Quick underwent back surgery following the Cup win in the summer of 2012, and it’s clear that he wasn’t back at full strength early on in the season that followed, even with the start of the year delayed with the lockout. His save percentage barely hovered above .900, at .902, with just one shutout in the 36 starts. His GAA jumped up to 2.45. He started to put things together toward the end of the year, and the Kings were able to progress to the Western Conference Finals. Nonetheless, many began to question that decade-long extension that kicked in after a rather lackluster year.
Last season obviously ended the way that the Kings would have liked it to, as they overcame three Game 7’s and breezed in the Stanley Cup Finals for a second title in three years. Quick’s numbers were also good in a broad sense, as he went for a 2.o7 GAA and .916 save percentage. Solid numbers, to be sure. He did make only 49 starts last year and it’s not as if his postseason numbers were anything to write home about.
The end result was positive, but Quick’s GAA leapt to 2.58 and he stopped shots at a clip of just .911 percent. He was very good at times, such as the Cup Finals, and he was really bad at other points. The Western Conference Finals marked an especially tumultuous point for Quick, as his save percentage against the Chicago Blackhawks was only .889. He rebounded well in the Cup Finals, of course.
In saying Quick’s best years are behind him, the point is really two-fold.
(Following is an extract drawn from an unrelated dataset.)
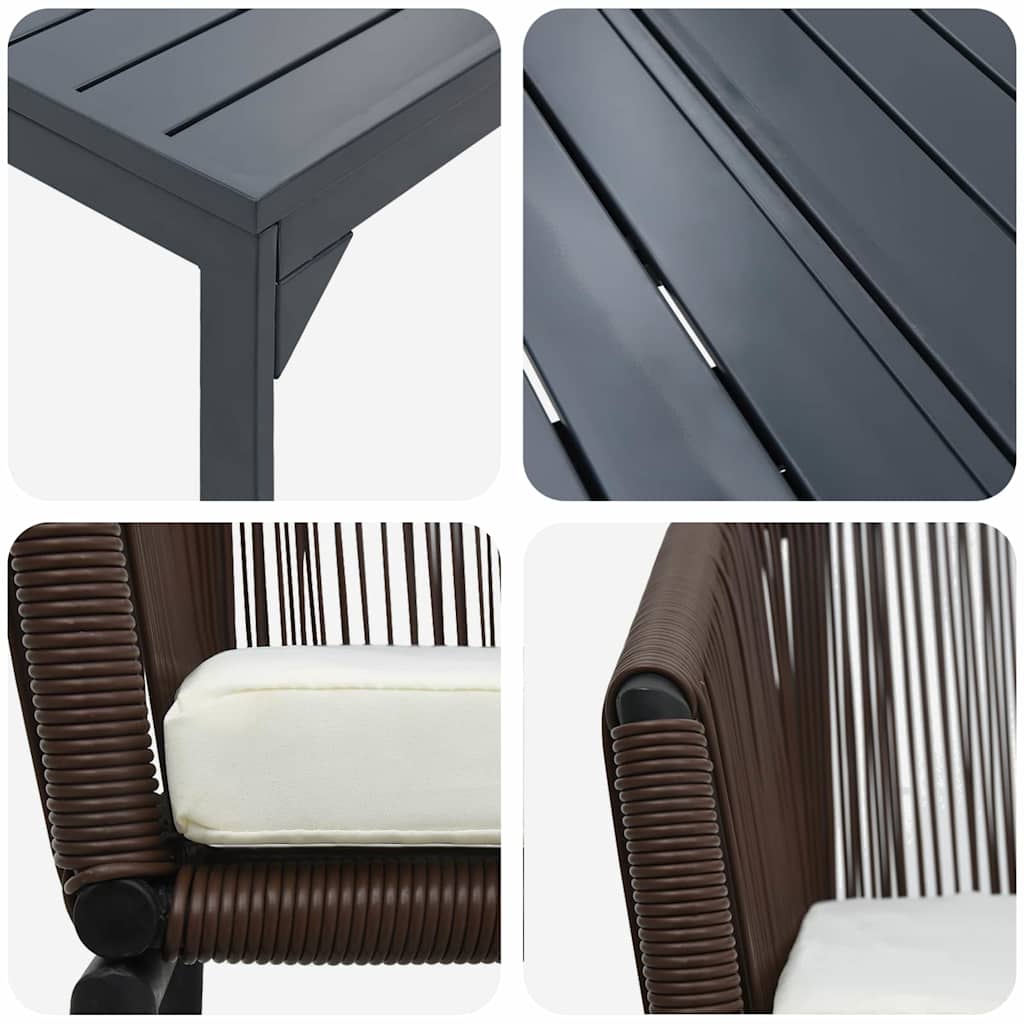 Garten Essgruppe 7 pcs Braun Poly-Rattan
No, Quick may never replicate that success he had, both regular and postseason, from 2011-12. That’s an all-time type of year, all things considered. However, that doesn’t mean he can’t experience success in the future. The Kings make life relatively easy for him with a strong defensive club around him, and one that has plenty of offensive weapons to help him out on the scoreboard as well.
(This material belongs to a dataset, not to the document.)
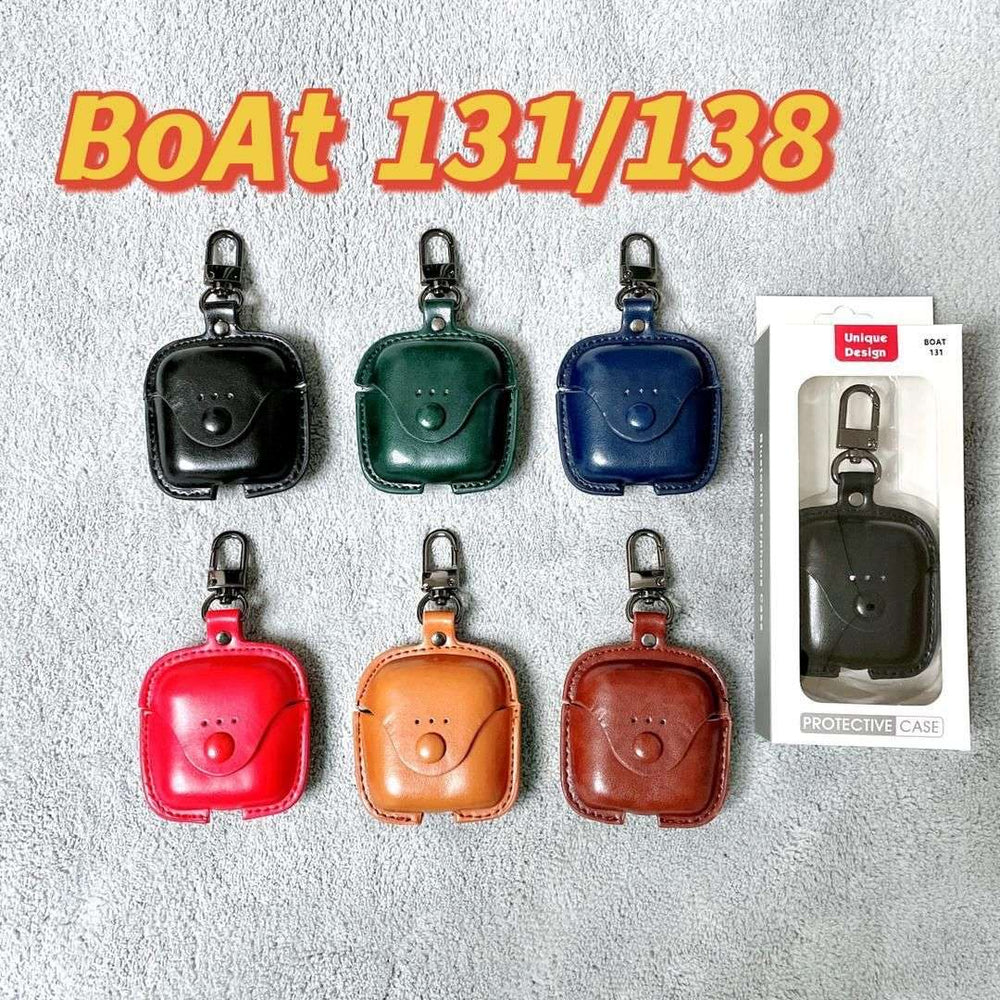 Blue Leather Cover Compatible with Boat Airdopes 131/138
Few around the game would describe Quick as the game’s best, as would have been the case after 2011-2012. He’s very good, and has an elite skill set, but his health history and overly aggressive style will likely continue to lead to inconsistent results. Nonetheless, with another nine years to go on this marriage between Jonathan Quick and the Los Angeles Kings, that’s not to say that there won’t be more banners headed to the Staples Center in the near future. He’s in a situation that will continue to set him up for success, even if he never returns to that 2011-12 type of form.